だからといって、文明をふせいてその侵入を止めようとすれば、日本国の独立は維持できなかった。なぜならば、世界文明の慌しい情勢は、東洋の孤島の眠りを許すものではなかったからだ。
〔脱亜の二字にあるのみ〕
ここにおいて、わが日本の人士は、国を重く、幕府を軽いとする大義に基づき、また、さいわいに神聖なる皇室の尊厳によって、断固として旧幕府を倒し、新政府を立てた。政府も民間も区別なく、国中がいっさい万事、西洋近代文明を採り、ただ日本の旧法を改革したばかりではない。

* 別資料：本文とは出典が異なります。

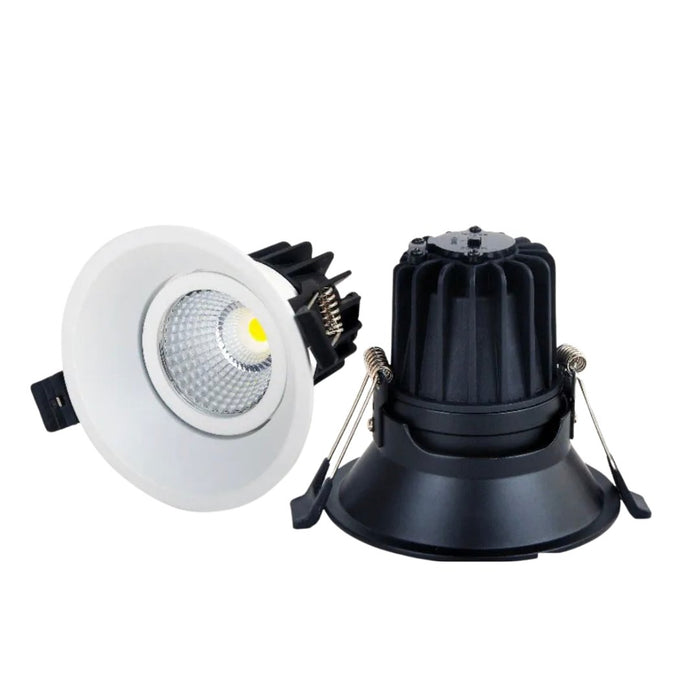 KATOOMBA 13W Tri-Colour Dimmable COB Anti-glare Tiltable LED Downlight 90mm Cut Out-LED Downlight-Eclux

アジア全域の中にあって、一つの新機軸を確立し、主義とするのはただ、脱亜の二字にあるのみである。
〔不幸な隣国、支那・朝鮮〕
わが日本の国土はアジアの東端に位置するのであるが、国民の精神は既にアジアの旧習を脱し、西洋の文明に移っている。しかしここに不幸なのは、隣国があり、その一を支那といい、一を朝鮮という。この二国の人民も古来、アジア流の政治・宗教・風俗に養われてきたことは、わが日本国民と異ならないのである。
〔改革や進歩の道を知らない〕
だが人種の由来が特別なのか、または同様の政治・宗教・風俗のなかにいながら、遺伝した教育に違うものがあるためか、日・支・韓の三国を並べれば、日本に比べれば支那・韓国はよほど似ているのである。この二国の者たちは、自分の身の上についても、また自分の国に関しても、改革や進歩の道を知らない。
〔百千年の昔とおなじ〕
交通便利な世の中にあっては、文明の物ごとを見聞きしないわけではないが、耳や目の見聞は心を動かすことにならず、その古くさい慣習にしがみつくありさまは、百千年の昔とおなじである。
〔道徳さえ地を掃いたように消えはてて残酷破廉恥を極め〕
現在の、文明日に日に新たな活劇の場に、教育を論じれば儒教主義といい、学校で教えるべきは仁義礼智といい、一から十まで外見の虚飾ばかりにこだわり、実際においては真理や原則をわきまえることがない。そればかりか、道徳さえ地を掃いたように消えはてて残酷破廉恥を極め、なお傲然として自省の念など持たない者のようだ。
〔独立を維持する道はない〕
筆者からこの二国をみれば、今の文明東進の情勢の中にあっては、とても独立を維持する道はない。幸い国の中に志士が現れ、国の開明進歩の手始めに、われらの明治維新のような政府の大改革を企て、政治を改めるとともに人心を一新するような活動があれば、それはまた別である。
〔国土は文明諸国に分割される〕
もしそうならない場合は、今より数年たたぬうちに亡国となり、その国土は世界の文明諸国に分割されることは、一点の疑いもない。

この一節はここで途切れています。